= Wirraayaraay =

Indigenous Australian people of New South Wales

The Weraerai (Wirraayaraay) were an indigenous Australian people of the state of New South Wales.

==Name==
The Weraerai ethnonym was formed from their word for no, namely .

==Language==
The Weraerai language, Wiraiari, is thought to belong to the Wiradjuri branch of the Wiradhuric languages with Robert M. W. Dixon stating that it may be a further dialect of the former.

==Country==
Norman Tindale estimated their lands as extending over some 4,100 mi2, on the northern side of the Gwydir River from Moree to Bingara. It took in Yallaroi, and their northernmost extension ran to Warialda and Gilgil Creek, and from Inverell to north of Wallangra on the Macintyre River. Their western frontier was at Garah.
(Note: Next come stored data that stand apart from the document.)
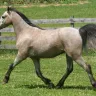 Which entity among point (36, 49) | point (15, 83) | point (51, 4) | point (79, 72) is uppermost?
point (36, 49)

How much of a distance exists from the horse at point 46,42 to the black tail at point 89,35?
0.04 m

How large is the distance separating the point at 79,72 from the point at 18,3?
2891cm

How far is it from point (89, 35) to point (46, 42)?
1.08 metres

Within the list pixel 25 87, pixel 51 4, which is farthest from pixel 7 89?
pixel 51 4

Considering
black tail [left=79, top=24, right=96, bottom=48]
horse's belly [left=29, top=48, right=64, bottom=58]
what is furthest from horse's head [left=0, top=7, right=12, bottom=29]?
black tail [left=79, top=24, right=96, bottom=48]

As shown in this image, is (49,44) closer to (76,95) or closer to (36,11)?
(76,95)

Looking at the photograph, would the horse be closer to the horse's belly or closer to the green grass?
the horse's belly

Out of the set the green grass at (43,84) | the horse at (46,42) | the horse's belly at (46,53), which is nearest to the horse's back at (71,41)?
the horse at (46,42)

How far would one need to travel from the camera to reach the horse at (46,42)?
10984mm

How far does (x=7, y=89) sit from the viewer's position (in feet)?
36.9

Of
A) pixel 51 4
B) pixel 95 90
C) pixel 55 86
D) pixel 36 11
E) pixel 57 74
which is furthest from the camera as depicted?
pixel 51 4

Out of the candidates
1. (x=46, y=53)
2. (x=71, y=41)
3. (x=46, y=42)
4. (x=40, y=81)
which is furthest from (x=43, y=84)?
(x=71, y=41)

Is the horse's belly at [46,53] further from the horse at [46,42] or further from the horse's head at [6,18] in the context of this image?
the horse's head at [6,18]

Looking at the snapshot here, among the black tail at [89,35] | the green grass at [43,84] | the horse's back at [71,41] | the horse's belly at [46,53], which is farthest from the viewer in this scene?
the horse's belly at [46,53] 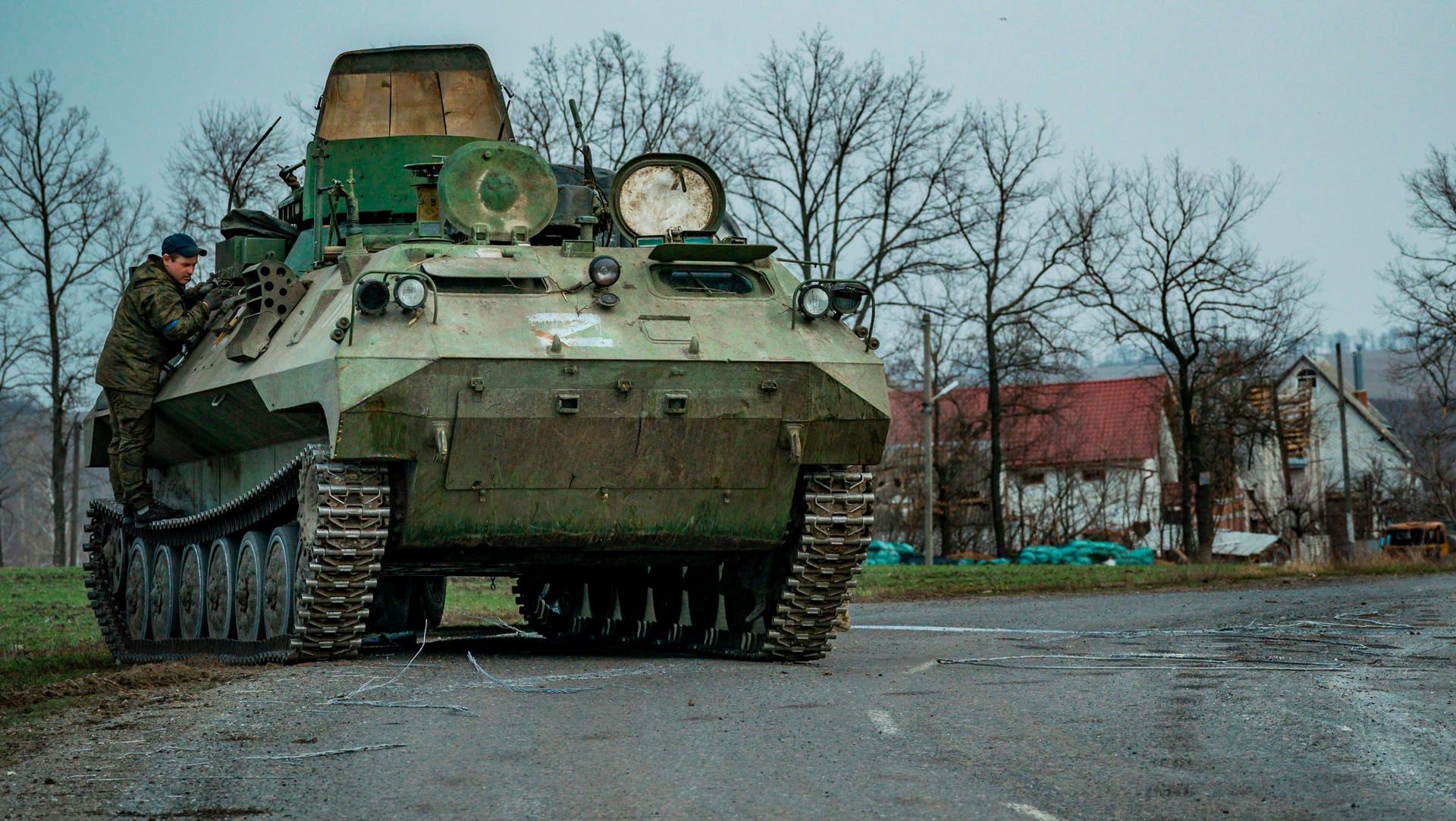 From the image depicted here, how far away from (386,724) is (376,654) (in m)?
4.33

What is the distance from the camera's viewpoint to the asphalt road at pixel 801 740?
5605mm

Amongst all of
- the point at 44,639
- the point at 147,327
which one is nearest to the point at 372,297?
the point at 147,327

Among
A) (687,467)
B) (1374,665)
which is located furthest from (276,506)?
(1374,665)

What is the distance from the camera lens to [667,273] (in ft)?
36.3

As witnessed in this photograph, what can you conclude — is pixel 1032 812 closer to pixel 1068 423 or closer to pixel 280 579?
pixel 280 579

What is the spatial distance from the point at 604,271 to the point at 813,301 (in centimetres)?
135

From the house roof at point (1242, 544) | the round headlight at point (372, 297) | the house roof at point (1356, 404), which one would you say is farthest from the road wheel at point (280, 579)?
the house roof at point (1356, 404)

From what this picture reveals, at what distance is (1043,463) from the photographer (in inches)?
2153

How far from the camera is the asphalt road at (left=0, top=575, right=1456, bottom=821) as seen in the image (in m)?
5.61

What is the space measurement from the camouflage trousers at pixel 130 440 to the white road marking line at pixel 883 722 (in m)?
7.37

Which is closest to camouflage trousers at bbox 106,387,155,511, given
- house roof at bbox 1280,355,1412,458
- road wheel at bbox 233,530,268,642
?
road wheel at bbox 233,530,268,642

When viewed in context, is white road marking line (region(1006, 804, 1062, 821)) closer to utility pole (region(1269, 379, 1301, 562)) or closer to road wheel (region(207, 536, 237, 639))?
road wheel (region(207, 536, 237, 639))

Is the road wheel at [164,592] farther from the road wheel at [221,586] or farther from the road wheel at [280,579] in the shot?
the road wheel at [280,579]

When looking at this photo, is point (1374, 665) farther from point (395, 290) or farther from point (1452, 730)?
point (395, 290) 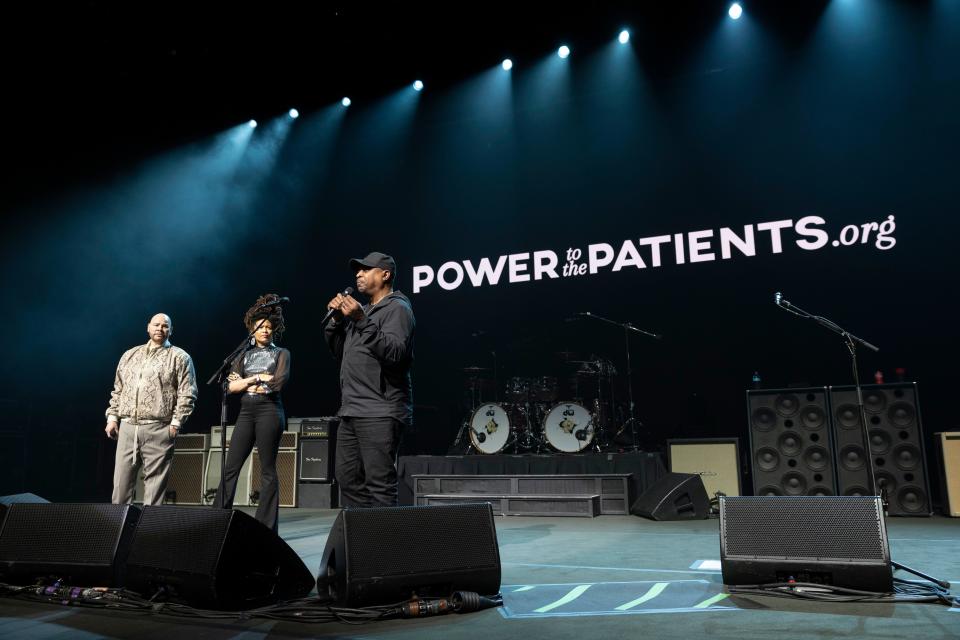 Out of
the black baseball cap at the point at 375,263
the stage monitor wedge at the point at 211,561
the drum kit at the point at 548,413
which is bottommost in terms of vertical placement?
the stage monitor wedge at the point at 211,561

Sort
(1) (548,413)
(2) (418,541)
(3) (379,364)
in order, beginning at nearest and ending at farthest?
(2) (418,541), (3) (379,364), (1) (548,413)

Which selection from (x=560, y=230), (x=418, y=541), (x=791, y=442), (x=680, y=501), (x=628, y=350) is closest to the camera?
(x=418, y=541)

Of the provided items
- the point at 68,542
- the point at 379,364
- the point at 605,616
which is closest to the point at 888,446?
the point at 605,616

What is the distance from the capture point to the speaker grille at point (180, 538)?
2449 millimetres

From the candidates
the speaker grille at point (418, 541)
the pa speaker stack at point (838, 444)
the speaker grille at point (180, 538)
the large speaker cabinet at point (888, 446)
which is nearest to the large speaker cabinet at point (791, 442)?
the pa speaker stack at point (838, 444)

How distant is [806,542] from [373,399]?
6.08ft

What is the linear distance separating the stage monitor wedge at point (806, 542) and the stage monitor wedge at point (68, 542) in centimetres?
250

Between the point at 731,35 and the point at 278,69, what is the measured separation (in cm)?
572

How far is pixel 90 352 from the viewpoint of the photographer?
29.0ft

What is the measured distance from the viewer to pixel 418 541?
251 cm

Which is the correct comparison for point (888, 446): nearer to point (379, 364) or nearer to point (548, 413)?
point (548, 413)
==Mythology and social rite of initiation==
In one early report by the Reverend Greenway, the Weraerai were said to share much mythology with the Gamilaraay. Using European analogies, he described their supreme god as Baiame, creator of the murri (aboriginal people) who had an earthly regent called Turramūlan, whose name meant 'one-legged' since 'his locomotive instruments, or feet and legs, (were) in the form of an Indian yale, all on one side; hence his name, signifying 'one-legged'. His consort Muni Burribian was delegated with the task of initiating women into the domestic arts. Turramūlan's presence is summoned by the whirling of a bullroarer during the rites of initiation at a bora circle.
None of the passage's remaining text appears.